金メダルを取りたい一心で、マラソンの指導に人生を掛けた小出監督。常識に囚われない独自のトレーニング方法は、世界一の練習量と言われた過酷なトレーニングだった。さらに、選手のモチベーションをあげるため、褒めて褒めて褒めちぎる、指導方法。小出マジックと言われた監督の愛情あふれる一つ一つの言葉が選手たちの限界値を引き上げ、世界へと羽ばたかせた。
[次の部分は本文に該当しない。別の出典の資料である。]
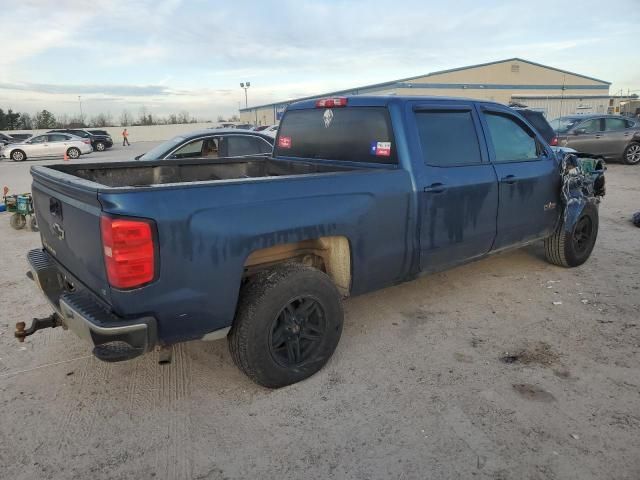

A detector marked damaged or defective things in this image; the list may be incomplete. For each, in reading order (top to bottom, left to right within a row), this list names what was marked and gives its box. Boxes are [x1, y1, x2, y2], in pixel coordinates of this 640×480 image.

damaged front end [560, 152, 604, 231]
front bumper damage [19, 249, 158, 362]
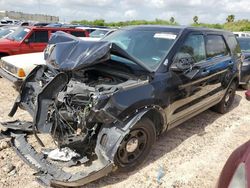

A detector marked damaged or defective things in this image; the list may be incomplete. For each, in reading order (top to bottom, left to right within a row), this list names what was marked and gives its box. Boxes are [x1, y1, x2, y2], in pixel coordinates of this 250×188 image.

crumpled hood [44, 31, 151, 72]
shattered windshield [102, 29, 179, 70]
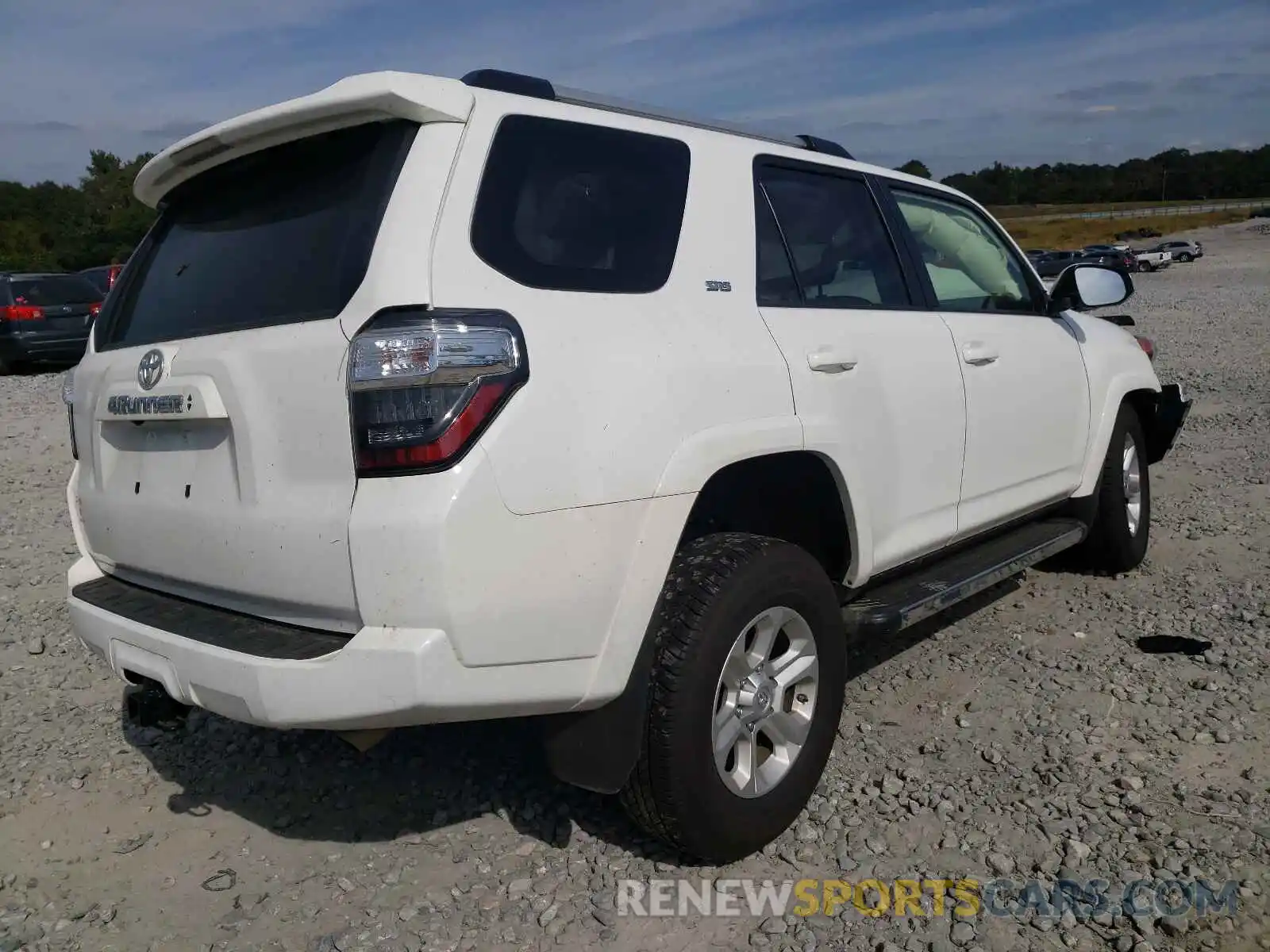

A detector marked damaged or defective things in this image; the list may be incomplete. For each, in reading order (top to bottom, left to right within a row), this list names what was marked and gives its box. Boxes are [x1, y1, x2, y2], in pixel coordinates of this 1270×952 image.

damaged bumper [1143, 382, 1194, 463]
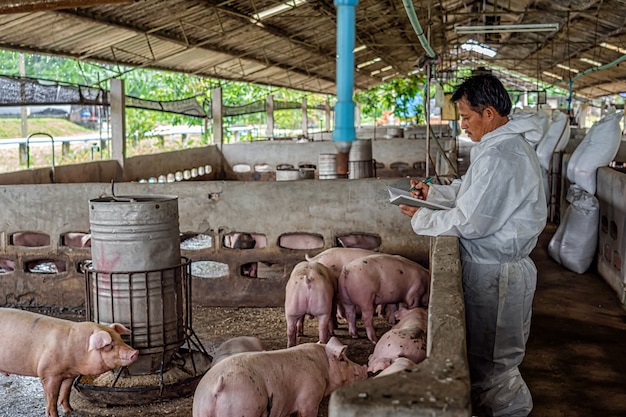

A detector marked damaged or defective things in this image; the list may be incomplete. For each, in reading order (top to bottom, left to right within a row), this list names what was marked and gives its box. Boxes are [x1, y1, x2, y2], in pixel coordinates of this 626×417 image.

rusty stain on barrel [89, 195, 184, 374]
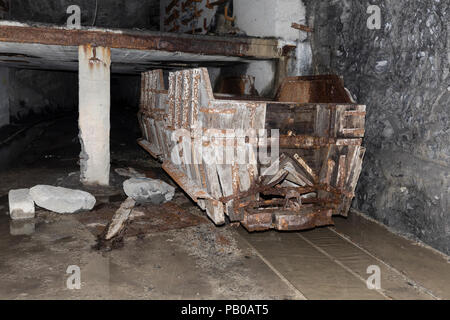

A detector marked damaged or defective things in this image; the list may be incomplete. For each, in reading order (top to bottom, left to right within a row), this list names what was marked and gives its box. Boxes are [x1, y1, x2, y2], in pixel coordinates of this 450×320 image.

rusted metal plate [138, 67, 366, 231]
rusty mining trolley [138, 68, 366, 232]
rusted metal side panel [139, 68, 368, 232]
我々が独自取材で監督を追い続けていた中で、最後の取材となった、亡くなる2か月前の合宿、宿泊先でのインタビュー。そこで最後にカメラに語ったのも、マラソンへの溢れる情熱だった。「やればまだまだ金メダルの自信あるよ。」そう力強く語っていた…
しかし、その2か月後、2019年4月24日、小出義雄監督は肺炎のため、80歳でこの世を去った。通夜・葬儀には教え子や陸上関係者など、およそ600人が参列。最後の別れを告げた。女子マラソン界の一時代を築いた監督・小出義雄。マラソンにかけた、その80年の人生の一端を、われわれは伝えてきた。あなたが見せてくれた、とびっきりの優しさと笑顔を、決して、忘れない。